The results of a couple of runs (approximate results, theres always some variation, run using java 1.8, compiled for java 1.6 on Mac OSX Mavericks)
Approach | Case 1 | Case 2 | Case 3
---------•--------•--------•-------
1 | ~2.16s | ~2.16s | ~2.16s
2 | ~9s | ~30s | ~60s
The conclusion seems to be that approach 1 is way faster but also that Math.pow
seems to behave kind of weird.
So I have two questions:
1 Why is Math.pow
so slow, and why does it cope badly with > 1
and even worse with < -1
numbers?
2 Is there a way to improve the performance over what I suggested as approach 1? I was thinking about something like:
long l = Double.doubleToRawLongBits(d);
long sign = (l & (1 << 63));
Double.longBitsToDouble((l<<1)&sign);
But that is a) wrong, and b) about the same speed as approach 1.

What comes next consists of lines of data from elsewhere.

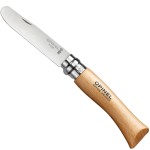 Opinel My First Opinel No.7, Stainless Steel Childrens Folding Knife with Safety Rounded Tip, Virobloc Locking Collar, Made in France (Natural)
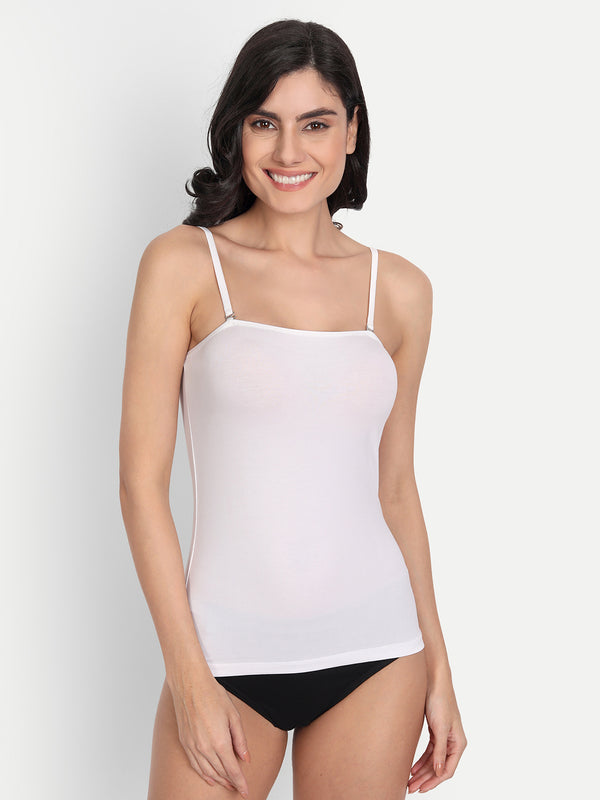 T.T. Women Desire White Solid Tailored-Fit Spaghetti Top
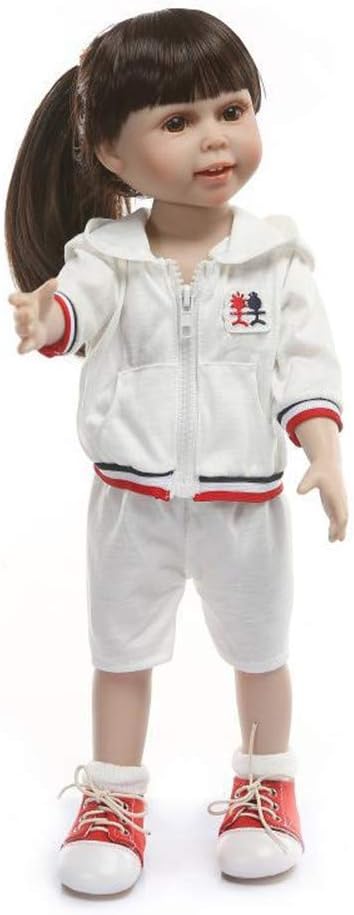 Prezzo HWBB Bambola del Bambino rinato Ragazza Atletica Sveglia Bambola Lunga dei Capelli del Silicone Pieno 18 Pollici Regalo di Fascia Alta di 45cm Bambola realistica della Ragazza della Giocattolo Offerte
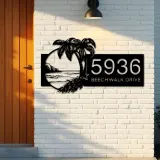 Custom Metal Island Beach Scene Palm Tree Metal Address Sign, House number, Outdoor Number Signage, Yard Sign Address Plate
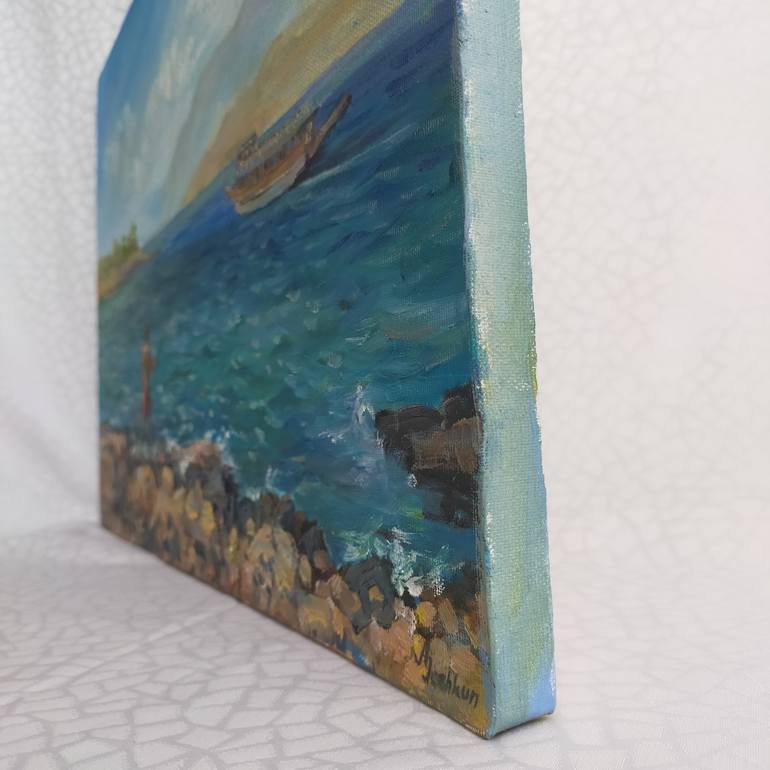 Original Art Deco Seascape Painting by Anastassiya Coskun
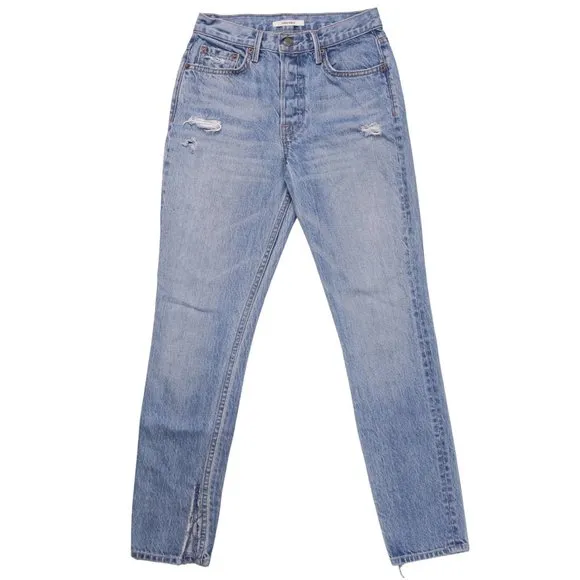 GRLFRND Karolina Distressed Jeans Button Fly High Rise &amp; Split Hems
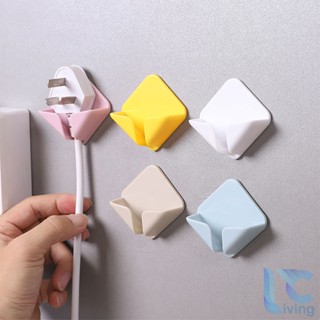 Bộ 2 Móc Treo Phích Cắm Điện Living C, Miếng Dán Tường Treo Phích Cắm Đa Năng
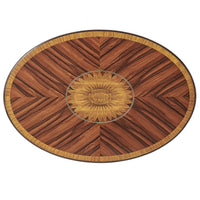 Regency oval side table, top view, detailed wood pattern.
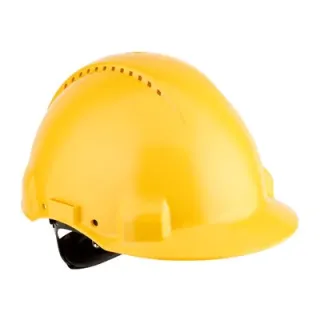 Żółty kask ochronny z otworami wentylacyjnymi na górze. Kask posiada regulowany pasek wewnętrzny dla lepszego dopasowania.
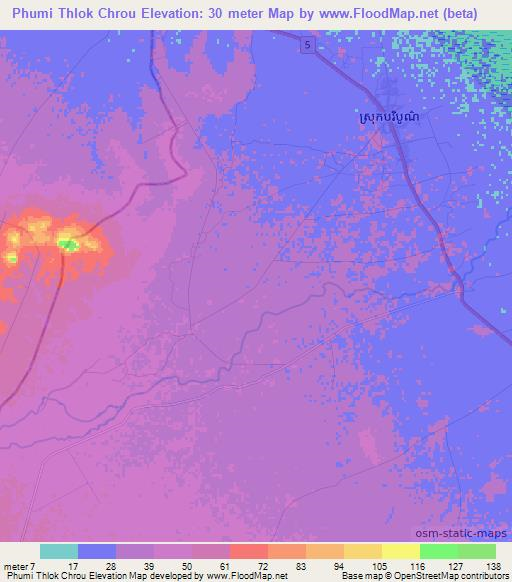 Phumi Thlok Chrou,Cambodia Elevation Map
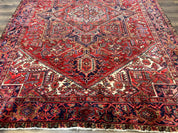 Persian Heriz Rug 7x10, Geometric Pattern, Red Ivory Navy Blue - Jewel RugsShopify CollectiveHUNTEDFOX - Persian Heriz Rug 7x10, Geometric Pattern, Red Ivory Navy Blue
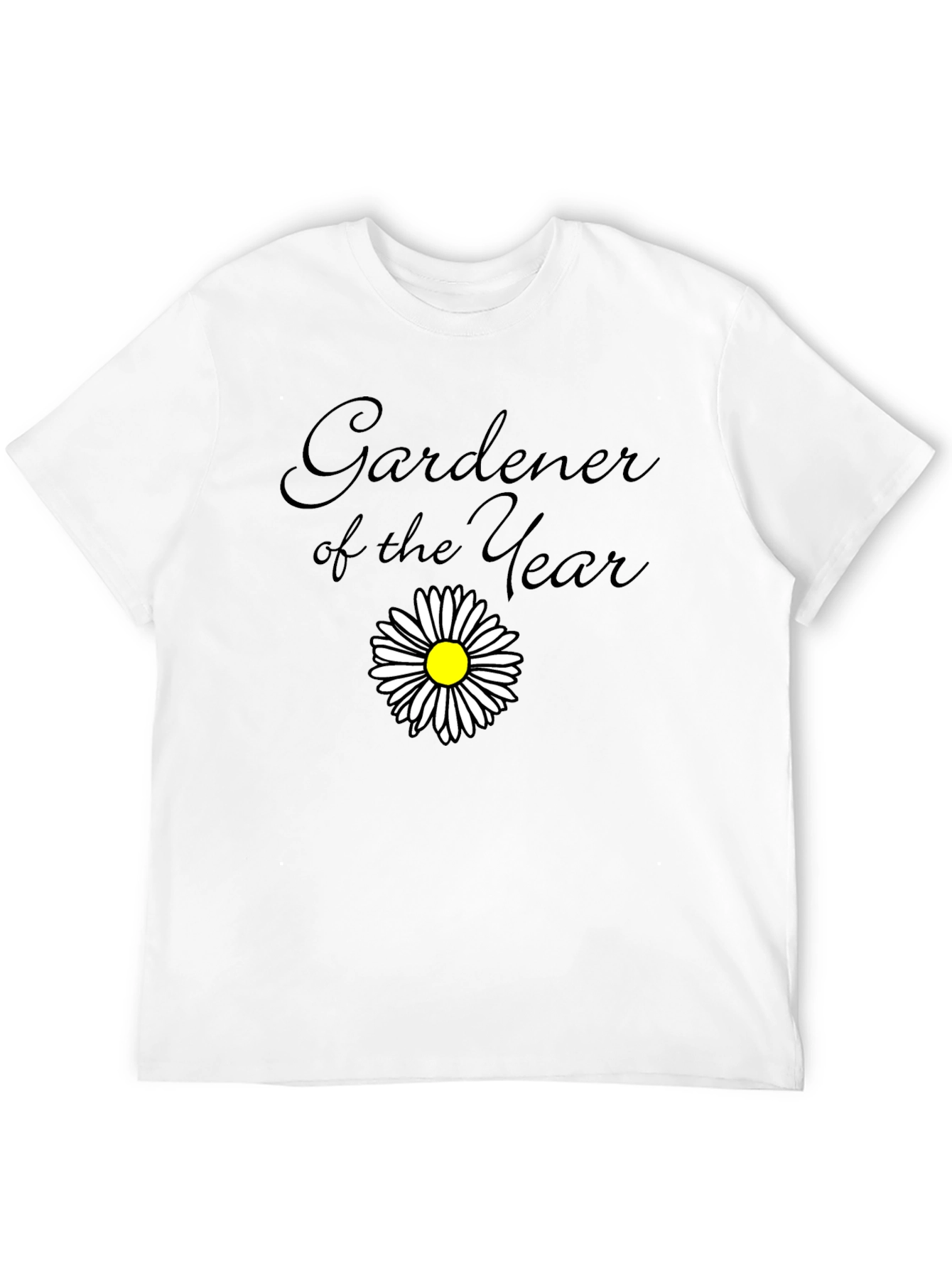 Black Gardener of the Year Black T-Shirt with Daisy view 12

The fastest way to square a number is to multiply it by itself.
It's really not, but it is performing exponentiation instead of simple multiplication.
First, because it does the math. From the Javadoc it also contains tests for many corner cases. Finally, I would not rely too much on your micro-benchmark.
Squaring by multipling with self is the fastest. Because that approch can be directly translated into simple, non-branching bytecode (and thus, indirectly, machine code).
Math.pow() is a quite complex function that comes with various guarantees for edge cases. And it need to be called instead of being inlined.
Math.pow()
is slow because it has to deal with the generic case or raising a number to any given power.As for why it is slower with negative numbers, it is because it has to test if the power is positive or negative in order to give the sign, so it is one more operation to do.